Are You Really a Long-term Investor?
Many people have been investing for a long time and their goals, such as retirement, are years away. Therefore, they consider themselves to be long-term investors. But are they?
Real long-term investors aren't necessarily those people who have been investing for many years or who have their eyes on distant goals - although those two elements are important. True long-term investors share several common traits. Let's consider some of them:
They own the same investments for many years. Investing is not a risk-free endeavor - and your investments will have their "ups and downs." But long-term investors choose quality investments and stick with them through good times and bad. These investors have the ability to look past all the events - political turmoil, high energy prices, market volatility, corporate scandals, etc. - that send some people to the investment "sidelines."

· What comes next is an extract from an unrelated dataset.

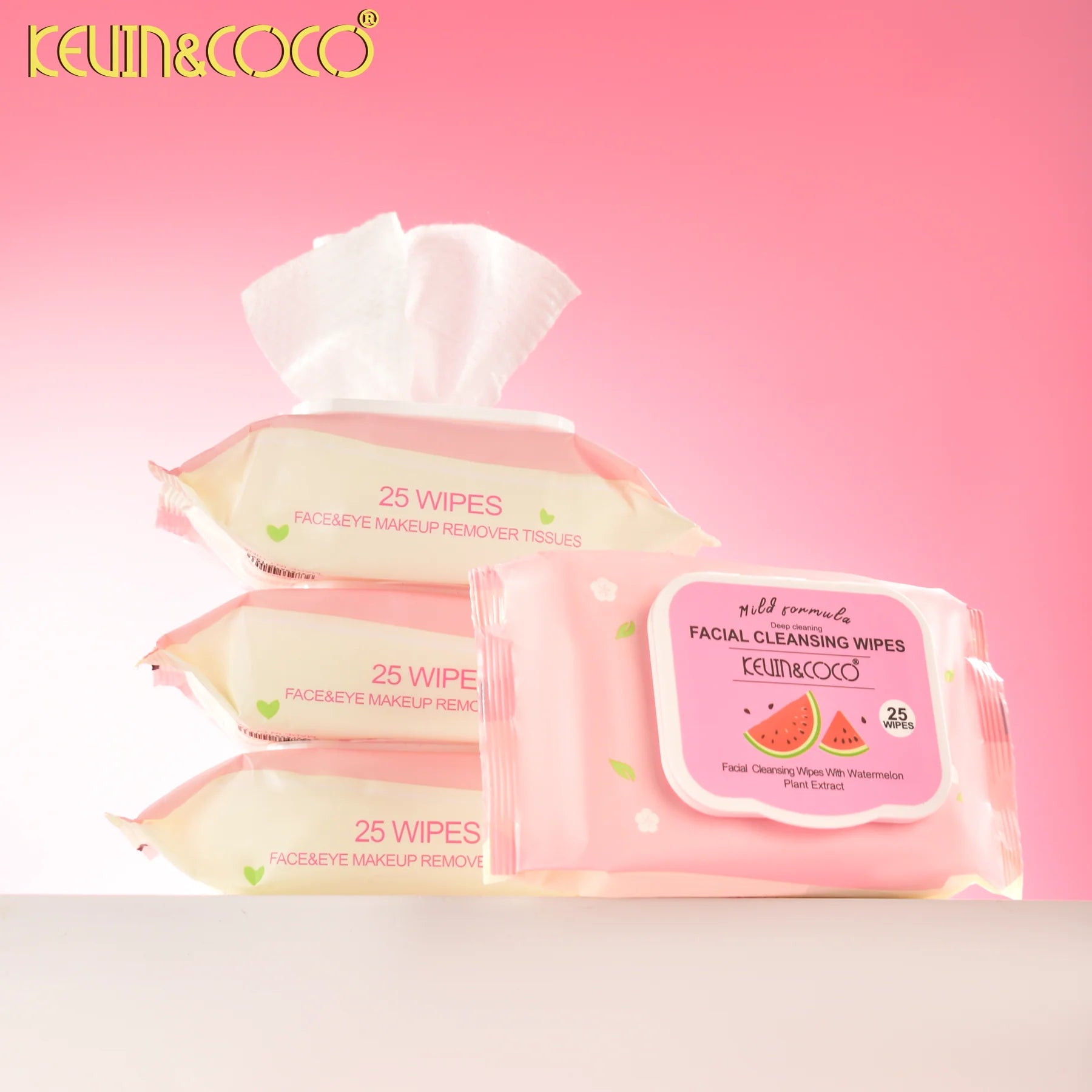 Pack of 12 - Watermelon Scented Cleansing Wipes - Kevin & Coco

They don't deviate from their strategy. Long-term investors establish a strategy based on their individual needs, goals, preferences, risk tolerance and time horizon. Then, once this strategy is in place, they follow it steadily through the years. For example, if they determine that their goals for a comfortable retirement require them to build an investment portfolio consisting of 70 percent stocks and 30 percent bonds and "cash" instruments, then they will try to maintain that proportion. This is not to say, however, that they are inflexible. If their needs change somewhat over time, they make adjustments - but they don't abandon their overall strategy.
They invest in companies - not stocks. Successful long-term investors pay little attention to day-to-day (or even month-to-month) shifts in stock price. Instead, they focus on the companies themselves, and they ask the right questions: Is the management solid? Does the company have a sound business plan? Are its products competitive? Does it belong to a healthy industry?
They don't listen to "hot tips." Long-term investors do whatever they can to avoid expensive mistakes - such as chasing after "hot" stock tips. Of course, these tips can come from anyone - from the so-called "expert" on television to the well-meaning brother-in-law. Unfortunately, many of these hot tips turn out to be not so hot. And even if a stock was hot at one time, it might already have cooled off by the time an investor acts on the tip. But more importantly, long-term investors know that not all stocks are appropriate for their individual needs. Consequently, they train themselves to take a pass on today's hot stock tips.
They get the help they need. The investment world can be complex. It's not easy for most investors to analyze investment possibilities, stay current on changing tax laws, calculate their retirement income needs, balance their portfolio or do any of the many other tasks that go into successful investing. That's why long-term investors frequently turn to financial professionals for guidance and recommendations.
So, there you have it - a few of the techniques employed by many successful long-term investors. Why not put them to work for you, too?